Children’s clothing store owner Janel Andersen used Faire inventory credit to quickly open a women’s clothing store next to her original store, when the adjacent storefront suddenly became available.
Initially, “I thought to myself how in the world am I going to pull this off? It was after trade show season, and I was thinking how am how am I going to fill this huge space with product?,” said Andersen, who owns the children’s clothing store Bird + Bean, and women’s clothing and gift store Stitch + Sparrow, in Berkeley, CA.
She learned about the inventory credit program, then in pilot stage, and “we were able to pull it off,” opening the store within six weeks of the space becoming available.
“Basically, if I didn’t open it in six weeks, financially it wouldn’t have worked out,” she said.
Andersen has been using the Faire marketplace since 2017, a year after she opened her first store, Bird + Bean. She has used the marketplace both as a retailer, ordering goods for her stores, and as a wholesaler, selling the children’s clothing line she designs.
As a retailer she likes the convenience and wide assortment of unique merchandise available on Faire. As a wholesaler, Faire has helped her connect with many more retail accounts. “I’ve been designing my brand for 17 years. I’ve been in all the showrooms with all of these massive, huge brands and I never got the attention because I was a small brand,” she said.
“On Faire I was able to get the attention my brand deserves because I wasn’t competing with the big brands; stores were willing to try me; and now we’re a top shop on Faire,” Andersen said.
Faire soared to unicorn status within two years of its launch. Its strategy of helping mom-and-pop shops discover new products and buy from creators and brands around the world has changed how many small stores do business.
Faire helps small stores get better prices by enabling independents to buy collectively, and helps small retailers get access to more craftspeople and small manufacturers.
Faire’s online platform facilitates the ordering, payments and returns. Faire allows store owners to return merchandise when a new brand they try isn’t a fit for them, and gives them net 60 day credit terms similar to those enjoyed by the big retailers.
Investors also love the business model. A $416 million extension to its Series G funding, announced in May, brought its valuation to $12.59 billion.
Faire was started by four former Square employees after they tried marketing a high-end, imported umbrella in the United States.

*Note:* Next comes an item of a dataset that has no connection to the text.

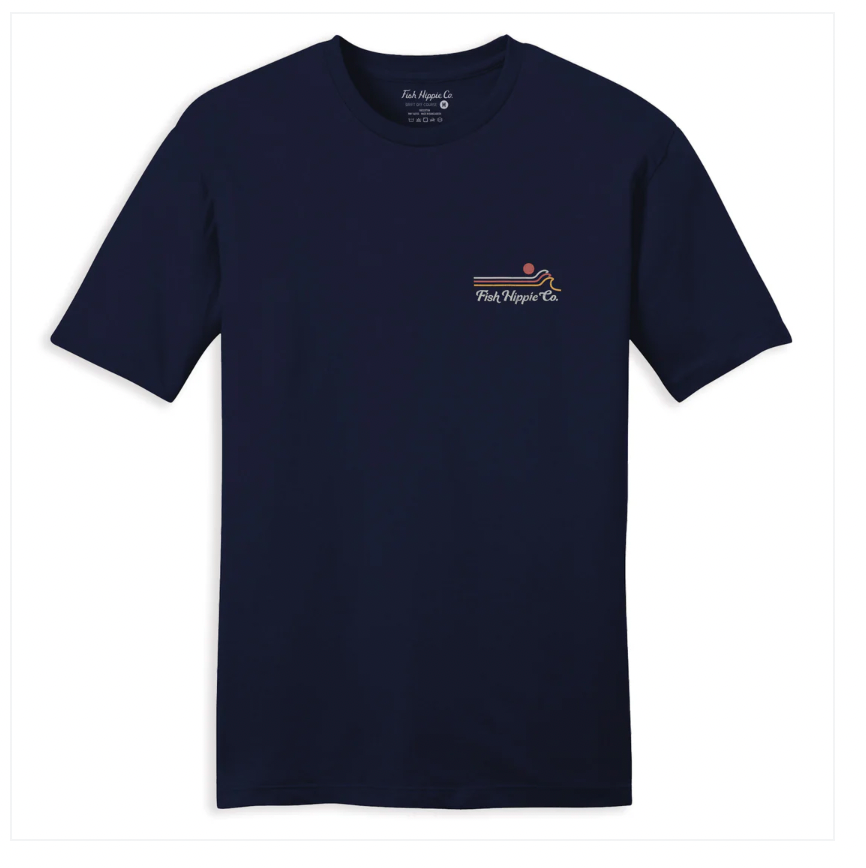 Fish Hippie M SS Triple Up Tee DOCKSIDE NAVY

While they got the umbrella into big name department stores, they discoverd that it sold better in independent shops, but that there was no way to easily leverage the collective power of small stores.
The platform now is being used by 500,000 retailers in North America and Europe and by 70,000 brands from 100 countries.
Faire doesn’t reveal its revenues, but Cooks Levitan said the company is seeing over 300% year-over-year growth in its overall transaction volume.
Cooks Levitan frequently gets asked what Faire’s plans are for a public offering. As of now the company has not specified any timeline for that.
“If we think the best way to address our customers’ needs is to access the public markets, that’s something we would certainly consider,” she said, “but right now our focus in largely on being the most reliable partner for our customers.”